Jeroen Krabbé's Dutch drama — based on Carl Friedman's novel The Shovel and the Loom — gave Schell one of his most quietly devastating late-career roles. He plays Mr. Silberschmidt, a Holocaust survivor in post-war Antwerp consumed by a single obsession: recovering two suitcases he buried during the Nazi occupation, suitcases that contained everything dear to him before the war took his family. He prowls the city with old maps, digging ceaselessly, unable to grieve what he cannot locate. His daughter Chaya (Laura Fraser), a secular young woman, takes work as a nanny for a Hasidic family — and through her relationship with their youngest son begins to understand her father's wound. The film screened in competition at the 48th Berlin International Film Festival, where it won the Blue Angel Award. In an ensemble that included Isabella Rossellini, Chaim Topol, and Miriam Margolyes, Schell's Silberschmidt haunts every scene he is absent from as much as those he occupies — the embodiment of a grief too large and too specific for ordinary language. A late masterwork in his sustained engagement with the Jewish European experience.

Collector's Art

A Tribute Poster

Maximilian Schell: A Tribute to a Legend — custom poster art
View & Purchase ↗

This hand-crafted tribute poster captures the dual worlds Maximilian Schell inhabited across his career — the glass booth of Arthur Goldman, the courtroom of Hans Rolfe, the wartime shadows of Julia, and the military fire of A Bridge Too Far — all anchored by the commanding gaze that made him one of cinema's most magnetic presences.
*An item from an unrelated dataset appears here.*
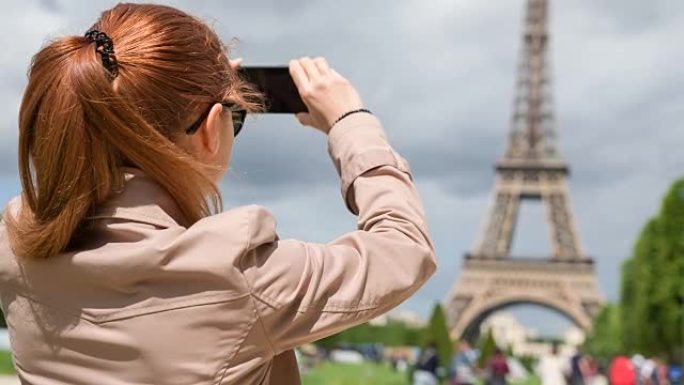 巴黎游客用智能手机拍摄埃菲尔铁塔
Available as a fine art print from Retro Movie Art.

View & Purchase Print ↗

"I always felt I was an Austrian in exile. That is not a small thing to carry. But it is, perhaps, what makes one understand the weight of a courtroom, the weight of a verdict, the weight of history on a single man's shoulders."

— Maximilian Schell
Behind the Camera

Schell as Director

1975
Der Fussgänger (The Pedestrian)
Director · Writer · Actor

His directorial debut earned an Academy Award nomination for Best Foreign Language Film — an extraordinarily rare achievement. A morally complex examination of a German industrialist confronting his wartime past, the film announced Schell as a filmmaker of serious intellectual intent, not merely an actor who had picked up a camera.

1984
Marlene
Director · Interviewer

His documentary about Marlene Dietrich — who agreed to be interviewed but refused to be filmed — is one of cinema's most unusual portraits. We hear her voice; we see only archival footage and Schell's reactions. It was nominated for the Academy Award for Best Documentary Feature. Dietrich later sued to prevent its release. A masterpiece of imposed absence.

1979
Tales from the Vienna Woods
Director · Producer

An adaptation of Ödön von Horváth's pre-war Viennese play, suffused with the bittersweet nostalgia and darkness of a world on the edge of catastrophe. Schell brought to it his intimate knowledge of Austrian culture and his own family's experience of displacement — the past made personal.

1993
Candles in the Dark
Director

A television film about life under Soviet oppression in Eastern Europe — further evidence that Schell's directorial concerns were consistent with his acting preoccupations: conscience, complicity, survival, and the moral choices made under impossible pressure. History was never abstract for him.

Recognition

Academy Award Honours

34th Academy Awards · 1962
Best Actor — Winner
Judgment at Nuremberg
Film: 1961 · Defeated Spencer Tracy
48th Academy Awards · 1976
Best Actor — Nominated
The Man in the Glass Booth
Film: 1975
45th Academy Awards · 1973
Best Foreign Language Film — Nominated
Der Fussgänger
As Director · Film: 1973
57th Academy Awards · 1985
Best Documentary Feature — Nominated
Marlene
As Director · Film: 1984

The European Conscience

Maximilian Schell occupied a singular position in twentieth-century cinema: he was a European intellectual who worked fluently in Hollywood without ever being absorbed by it. He brought to American films a gravity and a cultural memory that was distinctly continental — the memory of fascism, exile, and the moral wreckage of the twentieth century.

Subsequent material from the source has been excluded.